Well No. T. 6 has been open to production at intervals during the year in order to meet the requirements of the refinery at Alwand. The latter amounted to 1,483,000 gallons during the month of October. Two of the wells have now reached a depth exceeding 3,000 feet, and progress at the other wells has been good. Considerable work has been done in connection with the making of roads and the erection of tank storage and petroleum depôts. The erection of six 5,000 gallon storage tanks for fuel oil, kerosene and benzine at Baghdad was completed during the month of August.

PERSIA. At the General Meeting of the Anglo-Persian Oil Company held on 2nd November, 1927, the Chairman reported that the principal producing oilfield at Masjid-i-Suleiman (formerly known as the Maidan- i-Naphtun field) had maintained its production satisfactorily and was under perfect control. The production during the financial year ending 31st March, 1927, had amounted to over 4,800,000 tons, which compared closely with the estimate of 4 million tons given in the previous year's review of the company's operations. It is expected that the current year's production will exceed 5 million tons.

There have been two outstanding features in the operations on the main fields during the year.

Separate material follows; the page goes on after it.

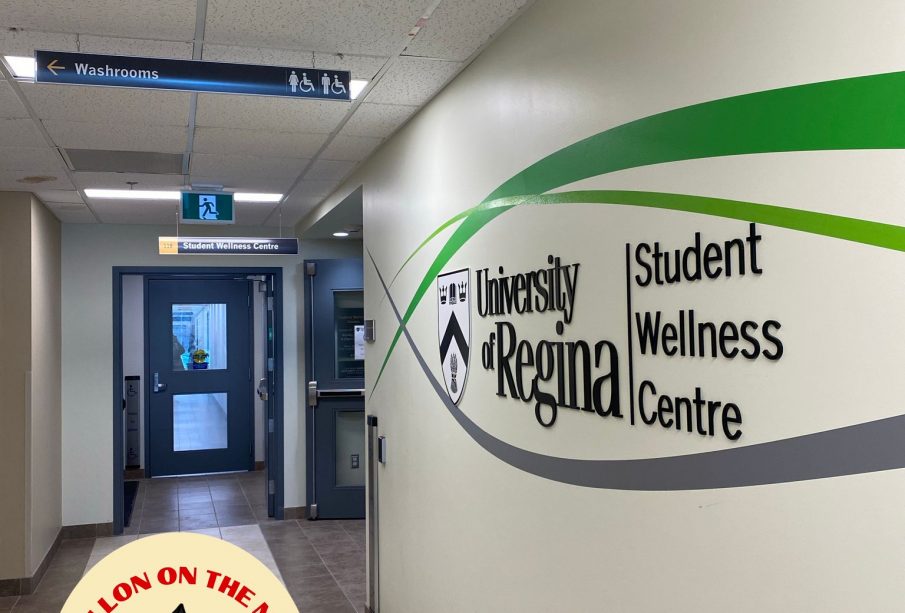 A photo of a wall with the words “University of Regina Student Wellness Centre” on it. 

For the first time in their history drilling has shown a decrease, and for the first time the company has started to produce motor spirit on a commercial scale from natural gas. As regards drilling it is considered that the structure which constitutes this remarkable oil field has been practically demarcated and drilling is now mainly confined to the marginal areas. The reduction in drilling has made possible not only large field economies but also the release of personnel and material for testing new areas in other parts of Persia. The testing of seven other areas in Persia has been proceeded with and a total of over 37,000 feet has been drilled, but the main oil pro- ducing limestone has not so far been reached in any of them, and several of these wells are at a depth which will make further progress difficult and slow. During the year the capacity of the pipeline has been added to by laying a further 100 miles, and it is considered that increased "throughput" could be secured at any time.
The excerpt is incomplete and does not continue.